"Well!" was Jake Getz's greeting as he entered the kitchen. "Em!" he nodded to his sister. "Well, Tillie!"
There was a note of affection in his greeting of his daughter. Tillie realized that her father missed her presence at home almost as much as he missed the work that she did. The nature of his regard for her was a mystery that had always puzzled the girl. How could one be constantly hurting and thwarting a person whom one cared for?
Tillie went up to him dutifully and held out her hand. He took it and bent to kiss her.
"Are you well? You're lookin' some pale. And your hair's strubbly [untidy]."
"She's been sewin' too steady on them clo'es fur your childern," said Aunty Em, quickly. "It gives her such a pain in her side still to set and sew. I ain't leavin' her set up every night to sew no more! You can just take them clo'es home, Jake. They ain't done, and they won't get done here."

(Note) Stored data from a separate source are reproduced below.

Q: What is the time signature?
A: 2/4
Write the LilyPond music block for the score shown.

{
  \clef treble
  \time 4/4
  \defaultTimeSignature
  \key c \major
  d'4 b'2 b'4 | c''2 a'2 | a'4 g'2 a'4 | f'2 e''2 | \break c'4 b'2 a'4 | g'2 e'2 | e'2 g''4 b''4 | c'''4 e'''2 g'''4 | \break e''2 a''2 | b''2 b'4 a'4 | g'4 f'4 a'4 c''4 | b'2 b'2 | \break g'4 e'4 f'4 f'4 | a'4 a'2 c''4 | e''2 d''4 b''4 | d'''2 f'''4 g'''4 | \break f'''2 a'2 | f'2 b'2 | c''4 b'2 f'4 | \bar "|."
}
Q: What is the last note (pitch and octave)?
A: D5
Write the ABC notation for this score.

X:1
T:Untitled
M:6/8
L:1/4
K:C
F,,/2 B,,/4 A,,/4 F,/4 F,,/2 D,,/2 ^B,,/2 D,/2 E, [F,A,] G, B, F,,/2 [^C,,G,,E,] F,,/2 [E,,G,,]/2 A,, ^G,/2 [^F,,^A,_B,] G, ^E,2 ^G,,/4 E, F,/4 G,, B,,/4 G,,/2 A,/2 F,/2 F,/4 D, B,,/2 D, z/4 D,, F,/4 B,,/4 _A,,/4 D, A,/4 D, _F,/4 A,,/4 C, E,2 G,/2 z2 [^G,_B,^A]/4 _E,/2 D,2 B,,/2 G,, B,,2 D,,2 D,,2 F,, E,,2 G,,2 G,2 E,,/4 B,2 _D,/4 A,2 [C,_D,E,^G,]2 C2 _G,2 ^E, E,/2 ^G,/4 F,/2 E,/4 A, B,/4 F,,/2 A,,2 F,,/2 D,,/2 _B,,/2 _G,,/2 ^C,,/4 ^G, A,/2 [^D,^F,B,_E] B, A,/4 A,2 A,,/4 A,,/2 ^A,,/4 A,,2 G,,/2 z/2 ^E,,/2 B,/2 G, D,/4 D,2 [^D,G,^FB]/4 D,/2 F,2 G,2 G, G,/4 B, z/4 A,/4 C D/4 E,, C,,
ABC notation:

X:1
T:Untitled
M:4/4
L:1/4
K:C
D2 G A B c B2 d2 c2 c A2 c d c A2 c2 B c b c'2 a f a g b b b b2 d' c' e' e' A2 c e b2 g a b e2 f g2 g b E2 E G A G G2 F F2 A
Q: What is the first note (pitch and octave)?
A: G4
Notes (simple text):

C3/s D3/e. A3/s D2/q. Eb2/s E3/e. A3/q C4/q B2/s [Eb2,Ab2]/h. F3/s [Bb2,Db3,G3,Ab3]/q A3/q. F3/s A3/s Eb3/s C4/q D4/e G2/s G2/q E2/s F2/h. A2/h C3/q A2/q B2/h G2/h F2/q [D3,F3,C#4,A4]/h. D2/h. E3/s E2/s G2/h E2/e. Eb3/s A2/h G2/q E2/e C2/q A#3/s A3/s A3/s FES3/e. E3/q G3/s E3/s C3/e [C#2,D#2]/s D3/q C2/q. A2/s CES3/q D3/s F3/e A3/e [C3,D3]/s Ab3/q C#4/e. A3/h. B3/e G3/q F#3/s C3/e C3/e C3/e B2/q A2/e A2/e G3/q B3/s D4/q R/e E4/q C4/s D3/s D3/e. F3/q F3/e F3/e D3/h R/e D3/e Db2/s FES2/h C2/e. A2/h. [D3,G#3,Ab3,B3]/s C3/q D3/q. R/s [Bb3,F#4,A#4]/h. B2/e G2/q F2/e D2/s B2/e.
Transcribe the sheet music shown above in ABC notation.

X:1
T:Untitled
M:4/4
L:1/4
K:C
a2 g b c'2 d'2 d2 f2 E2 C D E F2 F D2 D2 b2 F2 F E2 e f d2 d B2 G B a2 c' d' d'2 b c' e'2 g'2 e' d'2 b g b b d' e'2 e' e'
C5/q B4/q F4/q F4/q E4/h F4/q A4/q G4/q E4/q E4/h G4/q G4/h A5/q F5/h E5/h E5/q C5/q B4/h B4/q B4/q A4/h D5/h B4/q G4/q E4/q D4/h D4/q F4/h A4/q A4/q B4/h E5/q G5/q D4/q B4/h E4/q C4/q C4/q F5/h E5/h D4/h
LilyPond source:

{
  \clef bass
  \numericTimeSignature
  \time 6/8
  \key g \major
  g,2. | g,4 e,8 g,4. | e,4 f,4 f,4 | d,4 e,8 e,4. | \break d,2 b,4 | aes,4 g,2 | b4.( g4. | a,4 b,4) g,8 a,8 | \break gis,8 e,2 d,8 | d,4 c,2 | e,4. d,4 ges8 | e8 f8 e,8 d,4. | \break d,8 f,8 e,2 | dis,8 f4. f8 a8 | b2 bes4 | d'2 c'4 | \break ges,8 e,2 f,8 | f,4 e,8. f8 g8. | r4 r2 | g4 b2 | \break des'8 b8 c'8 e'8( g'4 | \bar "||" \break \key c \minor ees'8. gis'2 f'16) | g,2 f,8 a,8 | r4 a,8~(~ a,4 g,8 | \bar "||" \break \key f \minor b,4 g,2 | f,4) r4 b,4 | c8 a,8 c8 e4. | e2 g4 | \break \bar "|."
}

"Do you mebbe leave her set up readin' books or such pamp'lets, ain't?" Mr. Getz inquired.
"I make her go to bed early still," Mrs. Wackernagel said evasively, though her Mennonite conscience reproached her for such want of strict candor.
"That dude teacher you got stayin' here mebbe gives her things to read, ain't?" Mr. Getz pursued his suspicions.
"He's never gave her nothin' that I seen him," Mrs. Wackernagel affirmed.
"Well, mind you don't leave her waste time readin'. She ain't to."